Las oraciones transitivas son aquellas que poseen un predicado verbal constituido por un verbo transitivo que requiere obligatoriamente un complemento directo para completar su significado léxico. De acuerdo con la doctrina de la Nueva Gramática de la Lengua Española, estos verbos denotan acciones, procesos o estados que se originan en un participante y se extienden, afectan o inciden sobre una entidad distinta. El complemento directo es el argumento que recibe el impacto de la acción verbal o delimita su alcance, resultando imprescindible para que el enunciado sea gramaticalmente pleno y con un sentido semántico completo.
«El arqueólogo principal desenterró una vasija de la dinastía Tang».

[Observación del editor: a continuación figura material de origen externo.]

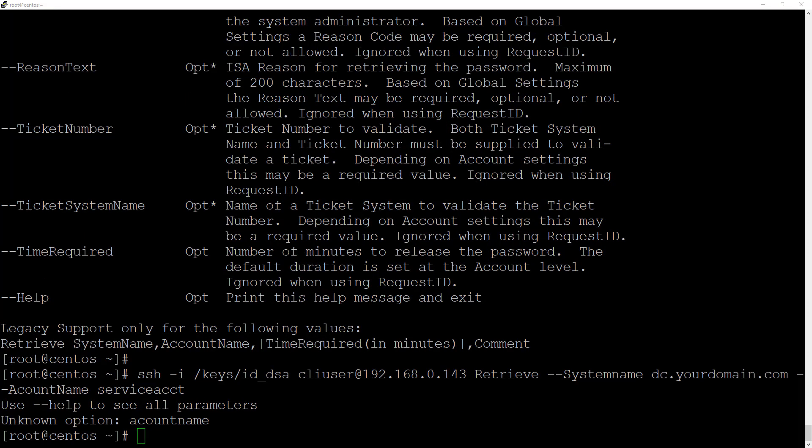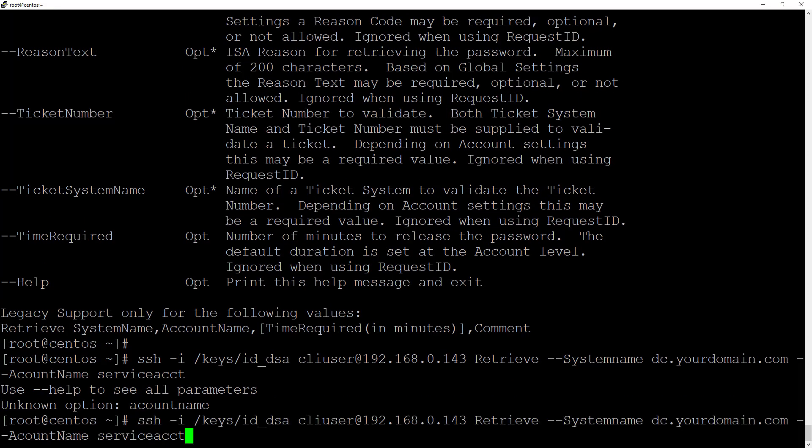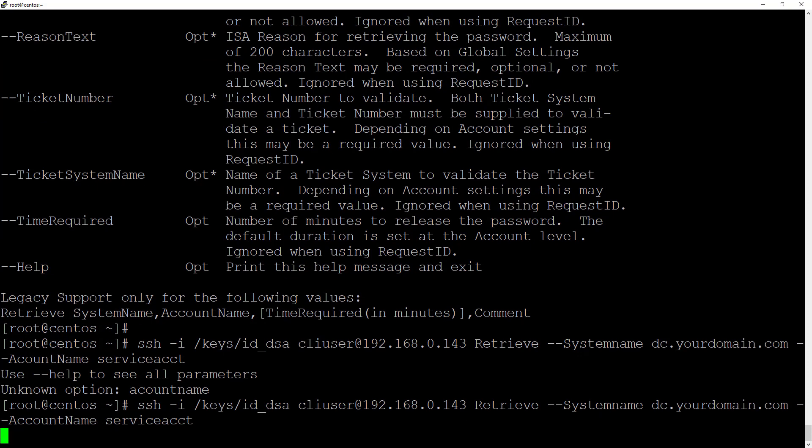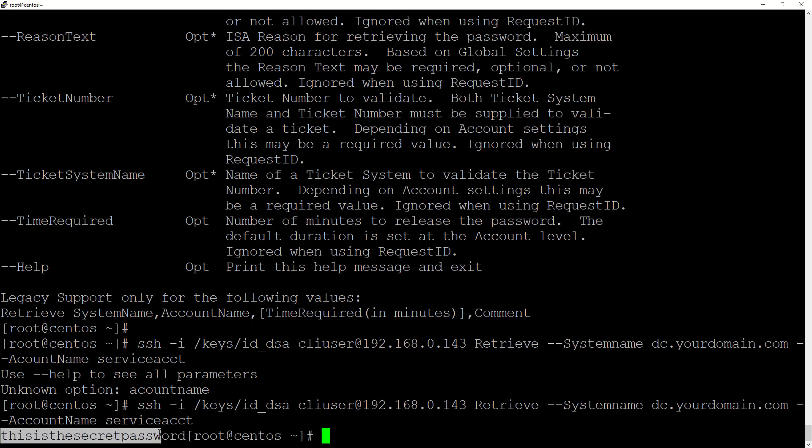Okay, I need to learn to spell account name correctly. And then we'll try that again. Excellent. So this is the secret password, is the actual password stored in TPAM on that account.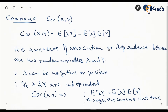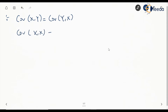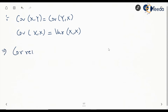The converse is not always true in general. Also, Cov(X,Y) is the same as Cov(Y,X). Cov(X,X) is simply the variance of X, and similarly Cov(Y,Y) is the variance of Y.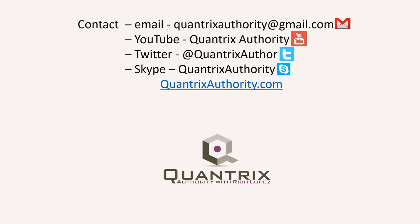Today's podcast is brought to you by QuantrixAuthority.com. I love Quantrix, and I want to make you a Quantrix master.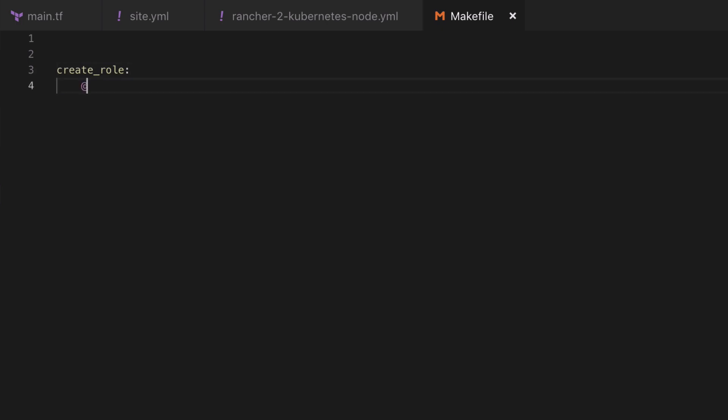I'm going to prefix my command with the at symbol. This is going to suppress the command getting written out to the terminal. I personally think this is a bit messy, but of course leave the at off and you'll see the full command.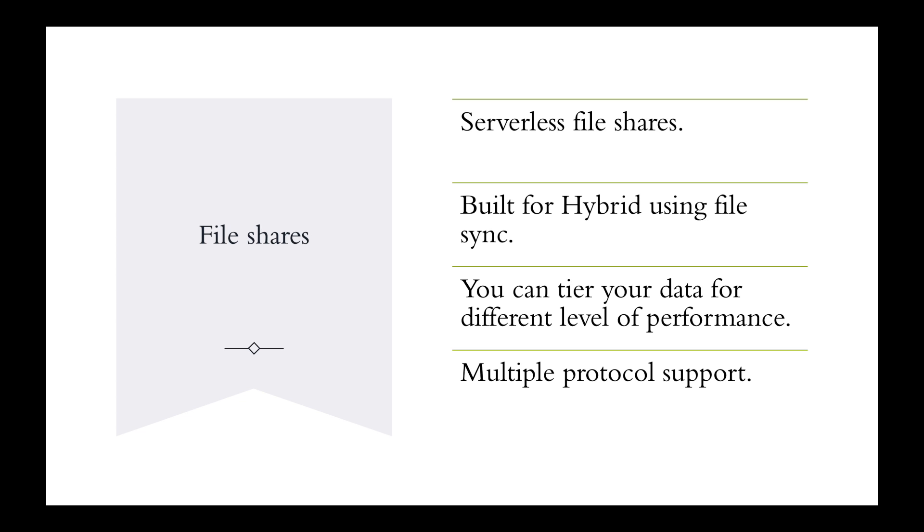Remember at the beginning when I said each function within the storage account needs its own video? That third item there, you can tier your data for different levels of performance. Let's talk about lifecycle management. It's about access tiers - hot, cool, or archive. With those access tiers, you can do lifecycle management and make sure you're saving cost with the data in your blob. But that's a whole different discussion - I wanted to give you a little teaser there.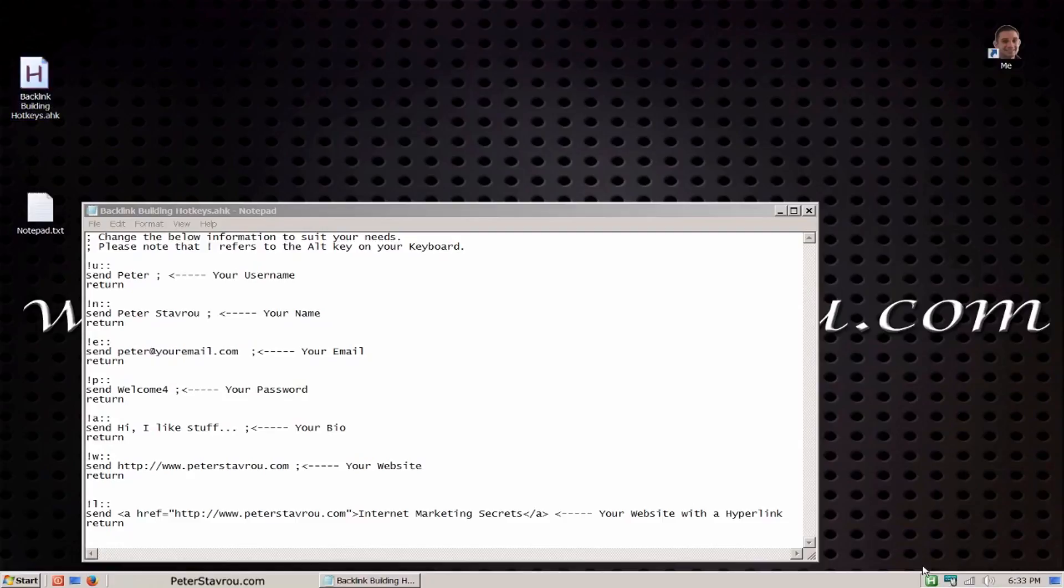I am now going to open up a blank text document so you can see the script in action.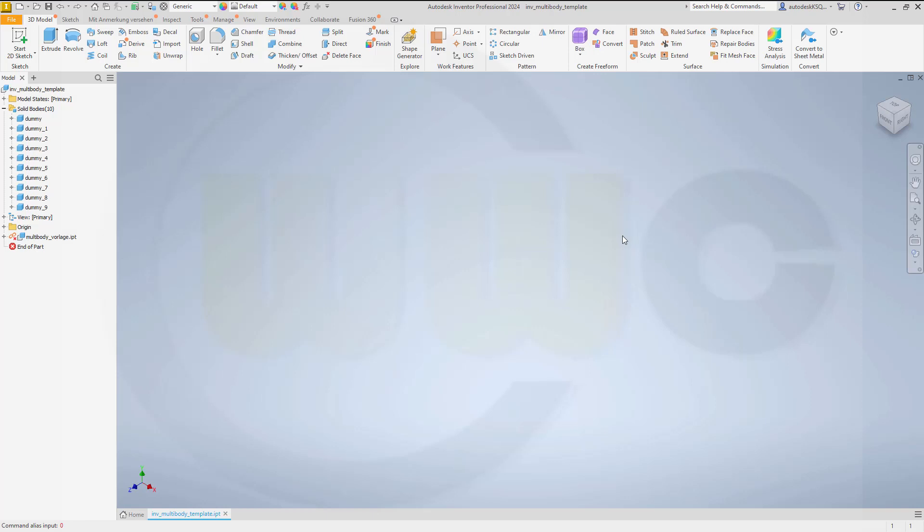Hi, welcome to an Inventor 2024 video tutorial. Today I want to show you how to get a start model or template like this. I've got a new empty part and I have already 10 empty solids or bodies. So how to do that? Let's take a look at it.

El complemento directo dentro de las construcciones transitivas puede estar constituido fundamentalmente por un grupo nominal, aunque adopta la forma de un grupo preposicional introducido por la preposición «a» cuando la entidad es humana o animada y está determinada. Un rasgo formal determinante para el reconocimiento del complemento directo en el español general es su capacidad de sustitución por los pronombres personales átonos «lo», «la», «los», «las», en concordancia de género y número con el elemento al que reemplaza. Esta particularidad opera de forma idéntica sin importar la complejidad del segmento original, lo que permite diferenciar nítidamente este argumento de otros complementos verbales como el indirecto o los de régimen.
«La empresa constructora demolió el antiguo edificio del centro».
«La empresa constructora lo demolió».
La clase de las oraciones transitivas presenta variaciones importantes en cuanto a la presencia explícita del complemento directo en la superficie textual. Existen contextos en los que el objeto directo puede omitirse legítimamente debido a procesos de recuperación contextual o porque el verbo se emplea en un sentido genérico o absoluto, lo que la gramática académica denomina transitividad tácita o implícita. Asimismo, la estructura transitiva se reconoce formalmente mediante la prueba de la pasivización, ya que el complemento directo de la oración activa pasa a ejercer la función de sujeto paciente en la correspondiente construcción pasiva perifrástica.
«El comité editorial rechazó la propuesta de publicación».
«La propuesta de publicación fue rechazada por el comité editorial».
«El inspector de sanidad clausuró el establecimiento por irregularidades».
«Los ingenieros diseñaron un sistema de ventilación de alta eficiencia».
«El fuerte viento de la madrugada derribó la torre de alta tensión».
«Aquella prestigiosa universidad otorgó una beca de investigación al estudiante».
«La multinacional tecnológica adquirió las patentes de la empresa emergente».
«El testigo reconoció al sospechoso en la rueda de identificación».
«Los operarios de la fábrica ensamblan los componentes con extrema precisión».
«El cirujano cardiovascular realizó la compleja intervención sin complicaciones».
«El consejo de administración aprobó el presupuesto para el próximo ejercicio».
«Las autoridades locales desalojaron el edificio afectado por el incendio».